*Problem to solve:* Without pictures, output exactly the lines running from the line containing "Sinning Like Hell" to the end of the listing below.

*Material provided:*
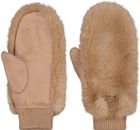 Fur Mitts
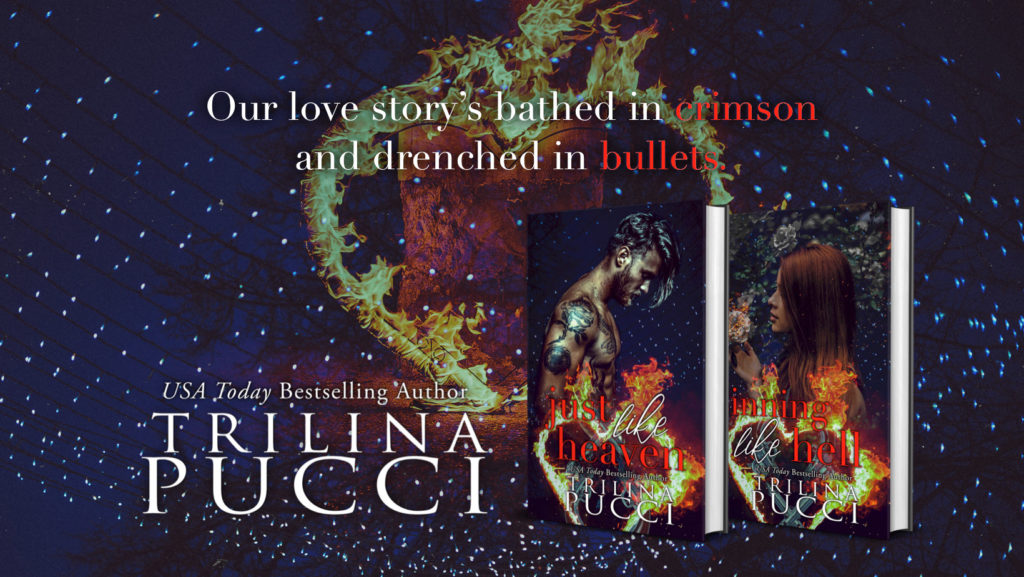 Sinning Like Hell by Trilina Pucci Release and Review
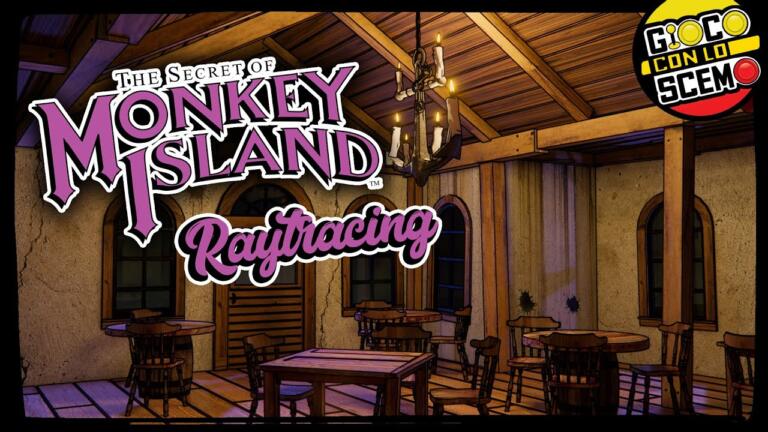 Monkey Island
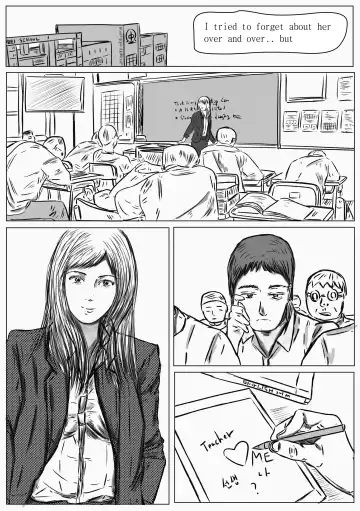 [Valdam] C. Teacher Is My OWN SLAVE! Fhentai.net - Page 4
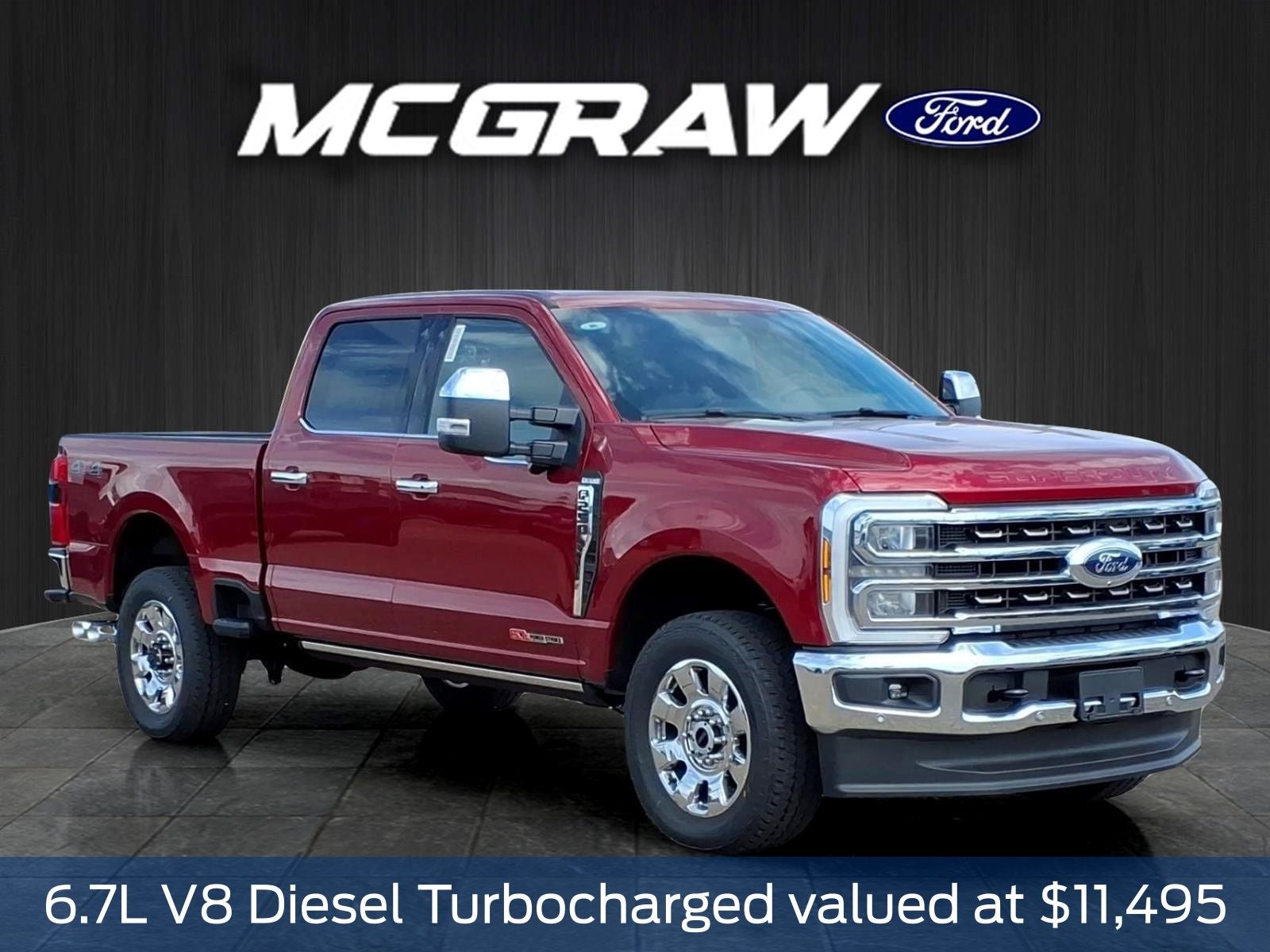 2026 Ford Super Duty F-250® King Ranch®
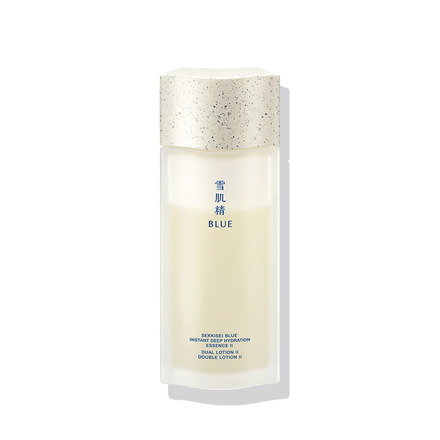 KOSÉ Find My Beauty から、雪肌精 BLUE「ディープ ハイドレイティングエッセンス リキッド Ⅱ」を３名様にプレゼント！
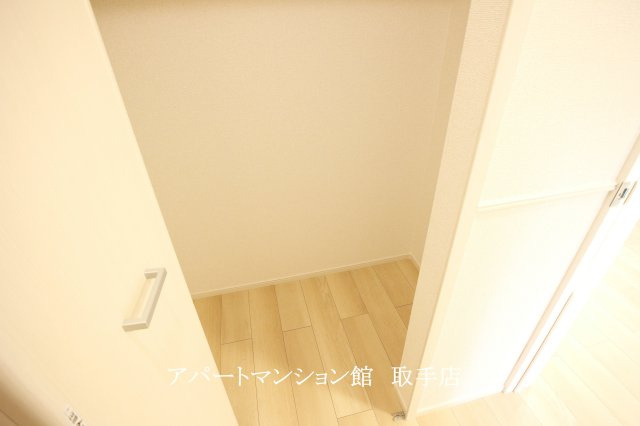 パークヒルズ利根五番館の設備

*Reply:*
 Sinning Like Hell by Trilina Pucci Release and Review
 Monkey Island
 [Valdam] C. Teacher Is My OWN SLAVE! Fhentai.net - Page 4
 2026 Ford Super Duty F-250® King Ranch®
 KOSÉ Find My Beauty から、雪肌精 BLUE「ディープ ハイドレイティングエッセンス リキッド Ⅱ」を３名様にプレゼント！
 パークヒルズ利根五番館の設備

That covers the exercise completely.